Halfway through the thought, "I need to call Leo," I'm reminded that this is not an option. I used to have that thought quite often after leaving an incredibly frustrating music rehearsal or randomly hearing a Diana Ross song come through my headphones (he was her biggest fan!). I still have that thought, quite often. I am, however, bombarded with the reality that I will never be able to call Leo again, that I'll never hear that voice again in this lifetime. I had a panic attack when I thought I had accidentally deleted his final voicemail to me from my phone. I'm trampled by thoughts of burying him merely two days before my birthday. I was too grief-stricken to celebrate last year. I wonder what my birthday holds for me this year. Another year. Without him. He'd be proud of me, I'm sure. He'd roll his eyes at me upon hearing that I'm following a newly excavated life passion and going to seminary. LOL He sometimes scolded me for "doing too much" but always supported my various endeavors. He told me that I'd succeed at anything I put my heart to and energy behind. He said that would make it difficult for me to settle on one life path because I succeeded at so many things. He was right. None of my crazy decisions or my self-doubt could keep him from believing that the best version of me was attainable, however wide or long my dreams were.

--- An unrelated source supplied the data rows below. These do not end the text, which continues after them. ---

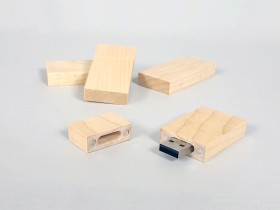 PenDrive de madera clásico con imán Ref.USBCH2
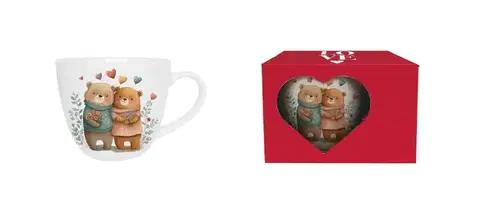 Hrnčeky, šálky, podšálky DUO - Hrnček 460ml BEARS 2, v darčekovej krabičke, porcelán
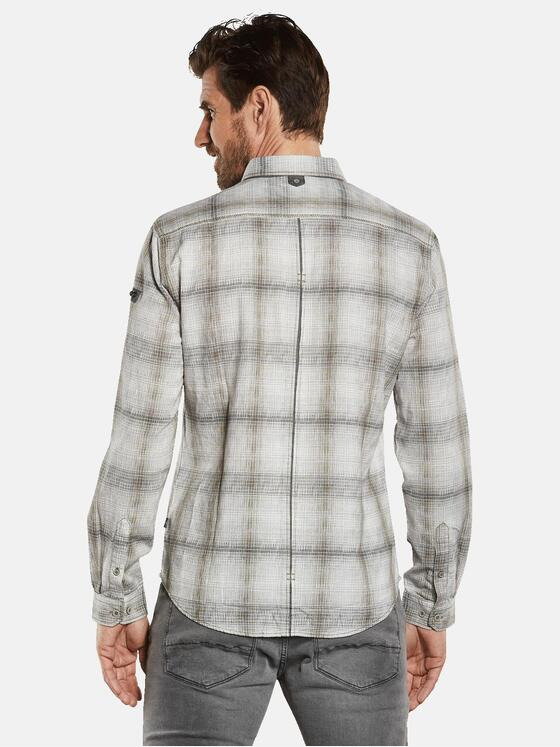 engbers Herren Langarm-Hemd kariert Beige 34257
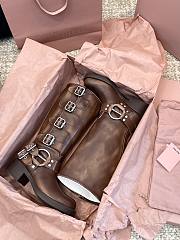 MiuMiu boots brown women's - 3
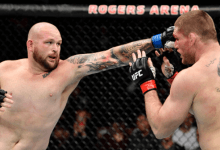 Jeff Hughes en Raphael Pessoa vechten voor eerste UFC overwinning in Singapore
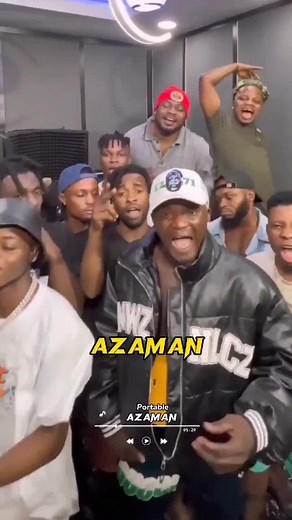 Portable Azaman - Nigerian Afrobeats Lyrics Performance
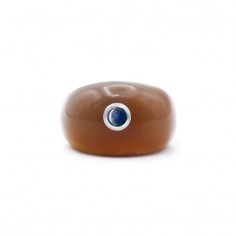 Bague jonc en corne claire... 2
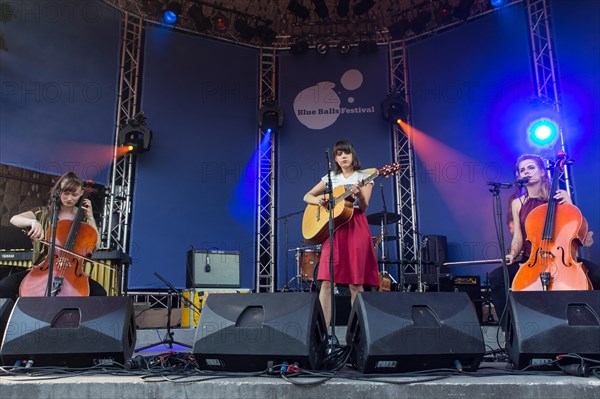 Swiss Folk Pop Band Serafyn live at the Blue Balls Festival Lucerne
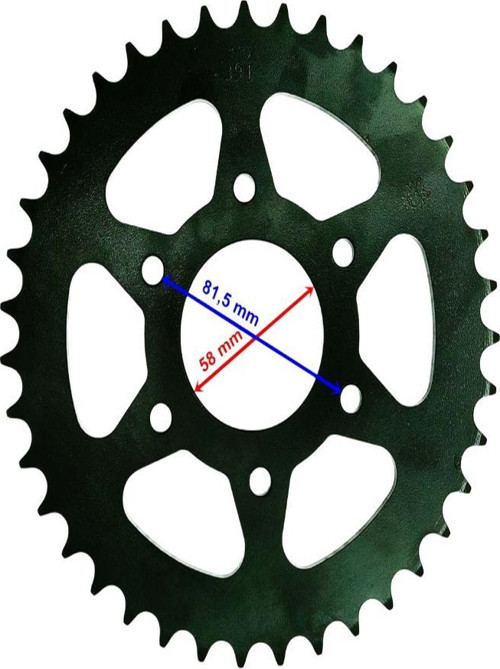 Pulsar Ns 200 Arka Dişli 520-39T İç 58 Mm Öm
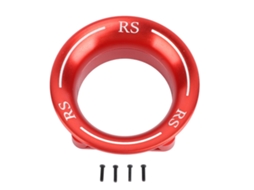 Capa de Ventilador de Resfriamento, 25x25mm, Motor 540 550 3650, Carro RC, Vermelha | S/MARCA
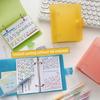 Double Hole Loose-leaf Notebook Horizontal Line Index Stickers Creative Journal Planner  Students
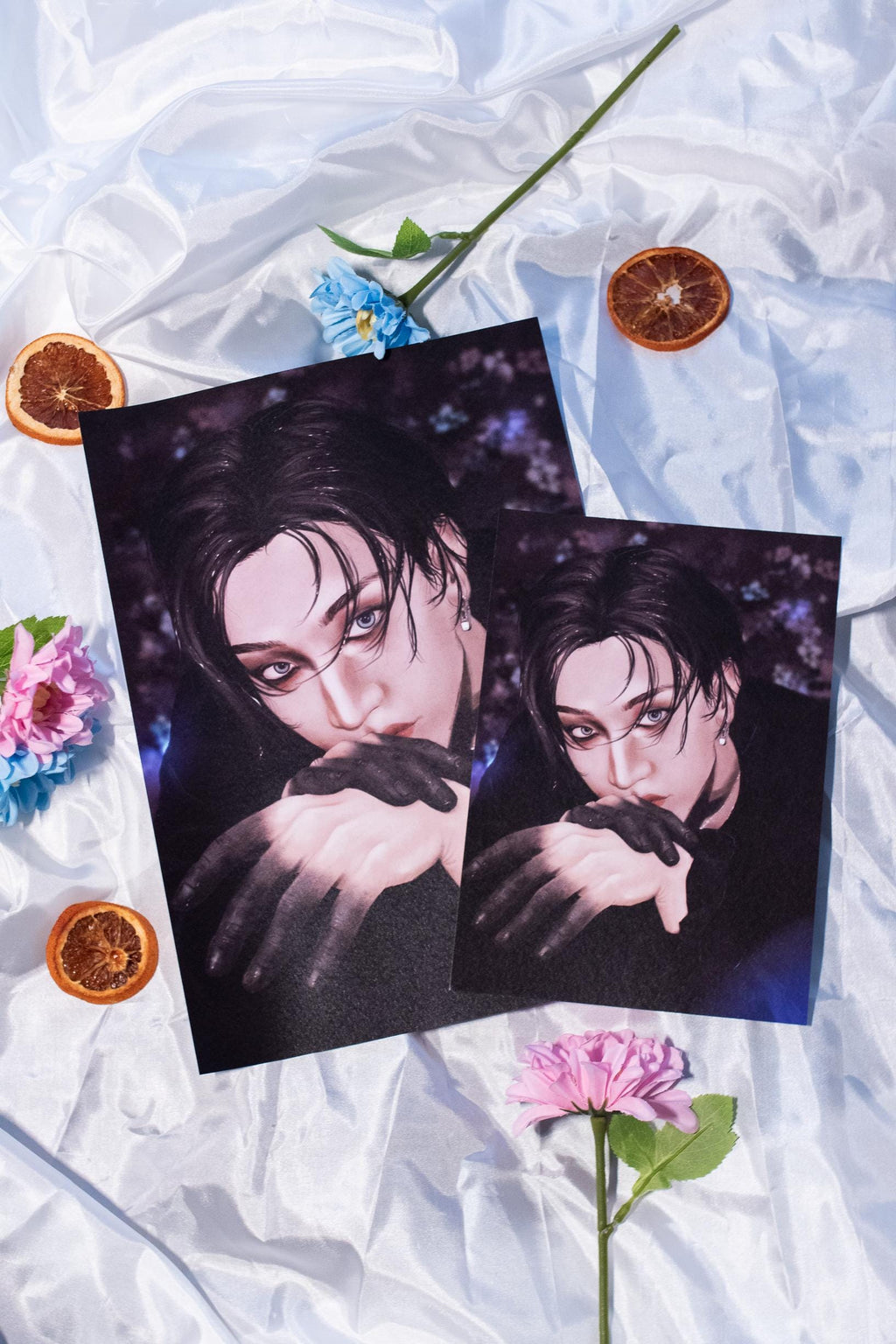 Bang Chan “Black Fingers” Art Print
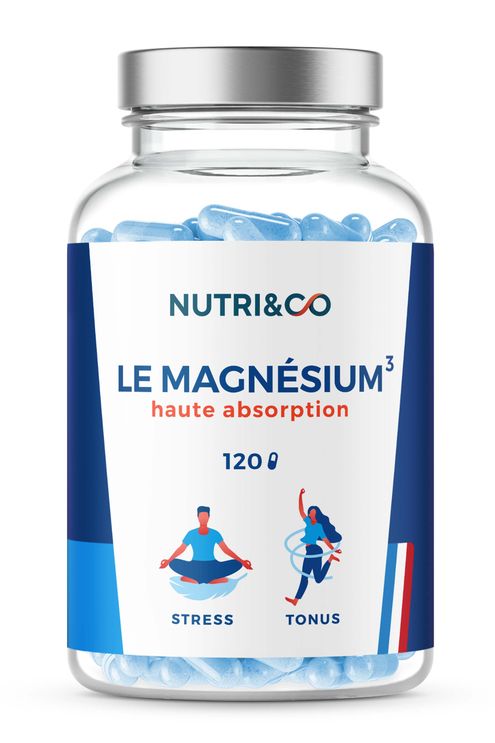 Complément alimentaire anti-fatigue & anti-stress Magnésium³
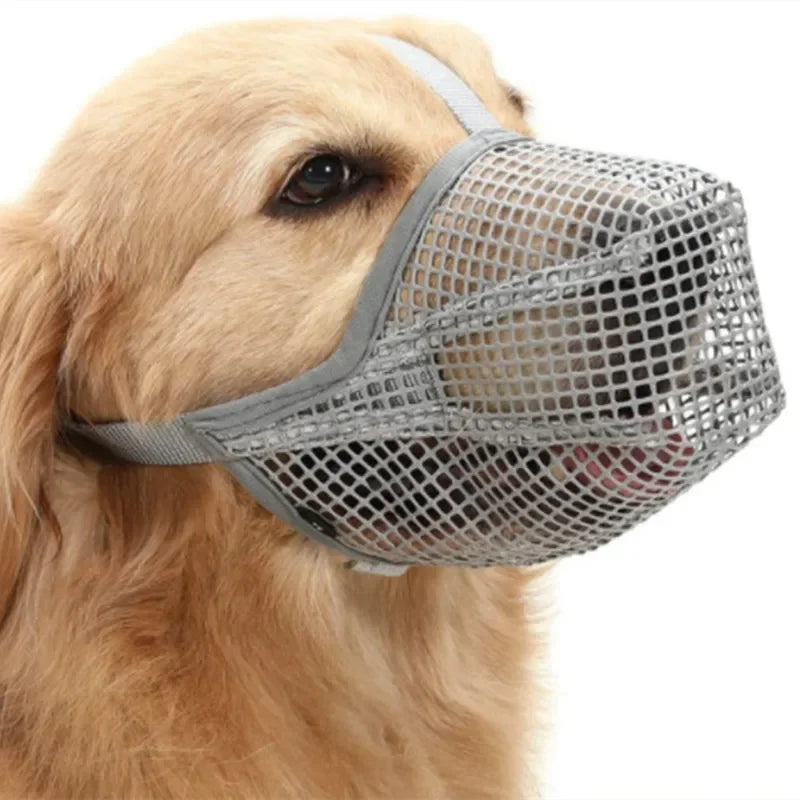 Atmungsaktive, verstellbare Hundemundabdeckung aus Nylon – Schutz vor Lecken - Beißen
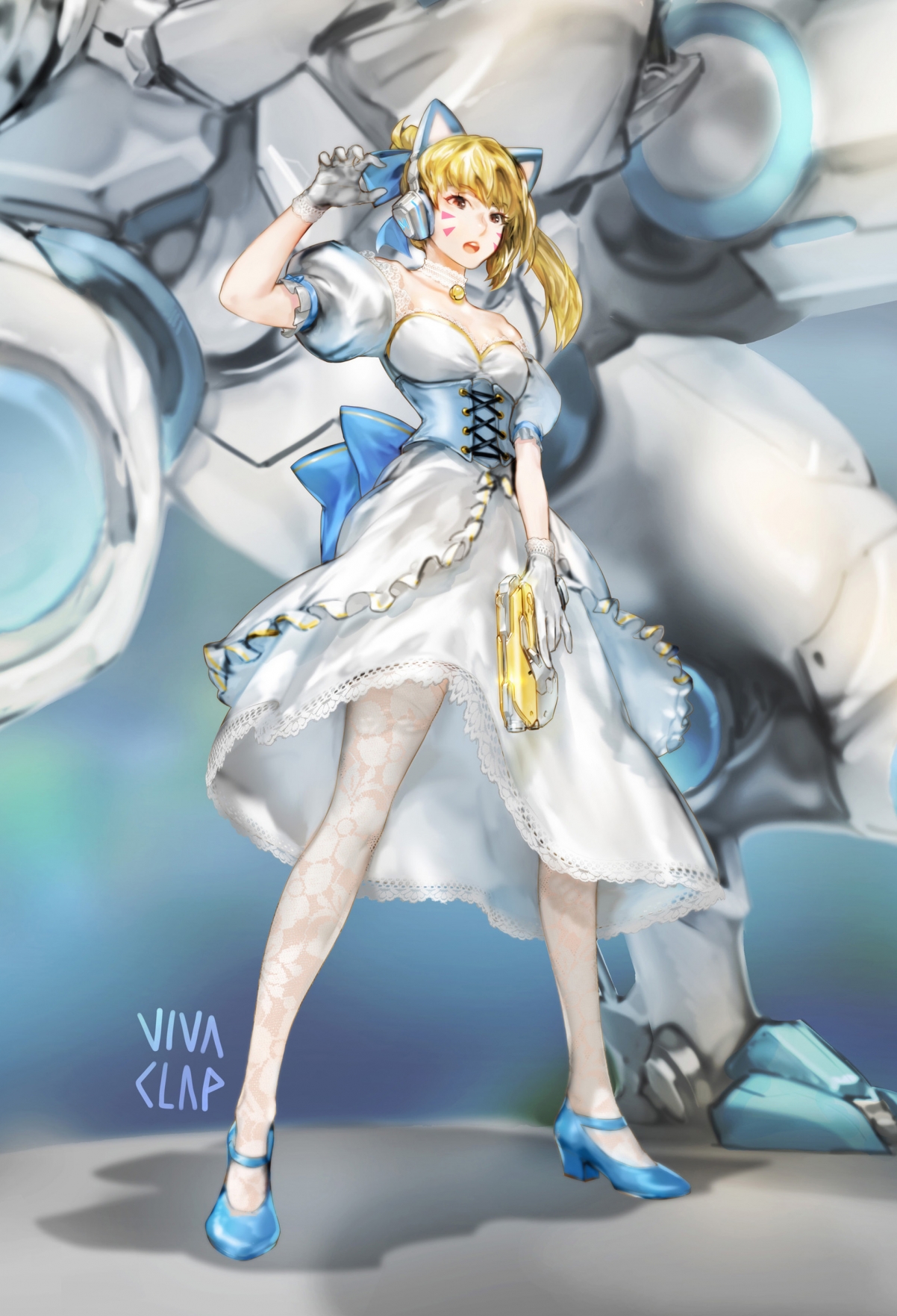 DVA精选白色丝袜美女壁纸，4K高清画质，适配1920x2816手机屏幕，一键下载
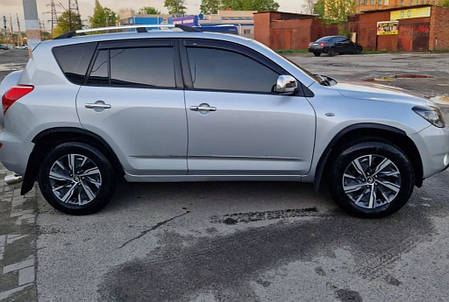 Накладки на арки  4шт  чорні  ABS-пластик  для Toyota Rav 4 2006-2013 рр, фото 1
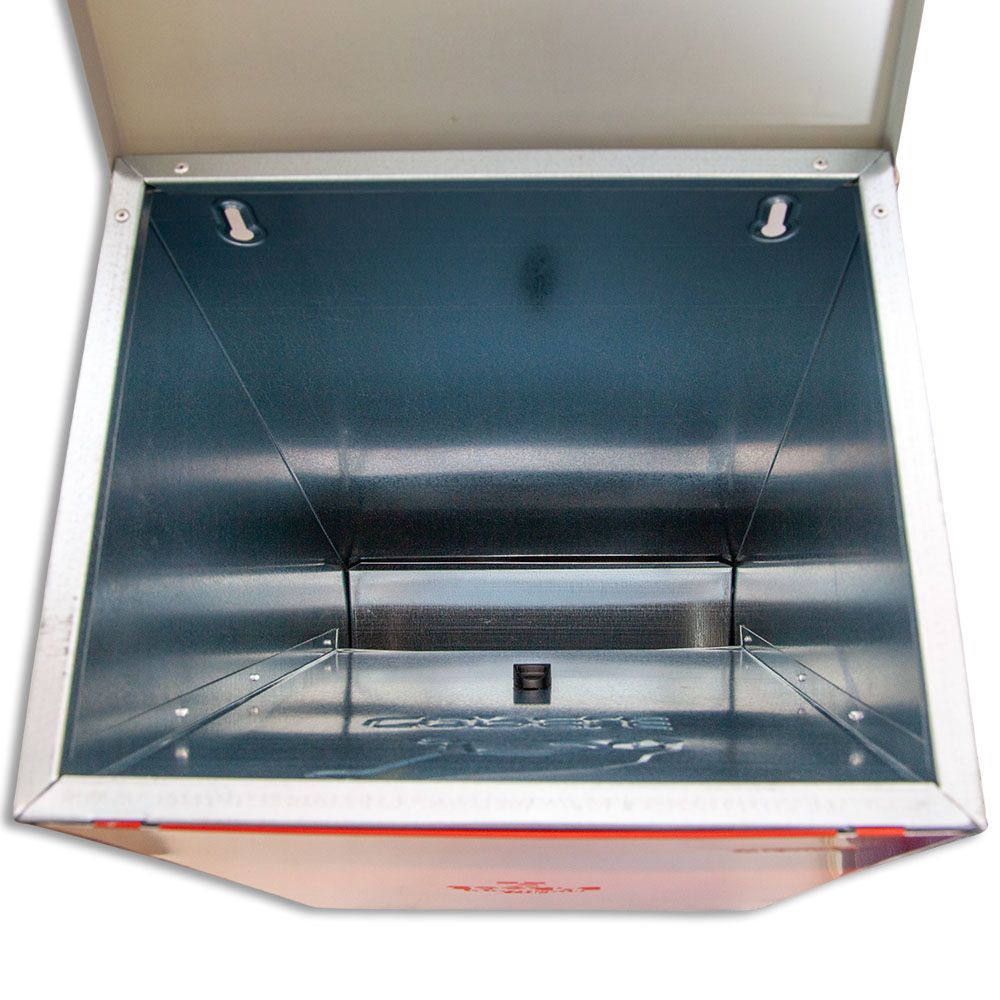 CAN-Trichter-Futterhaus aus verzinktem Blech 27 L für Hunde COPELE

I cry because I'm so blessed to have been deeply graced by his presence. Who decided that I would be lucky enough to cross paths with a hero? Life goes on. It has. I still smile about the good moments and weep about the bad. I try my best to keep up with his aunt and his other close "children." I feel like it's my duty to maintain those familial relationships in his honor. He would've wanted that. He taught me that family overrides everything, including career, which was one of the reasons why I passed on the final callbacks of a popular Broadway show to bury him and commune with those he loved. He shines on forever through us--his kids--and lives through our words, our dances, and our songs.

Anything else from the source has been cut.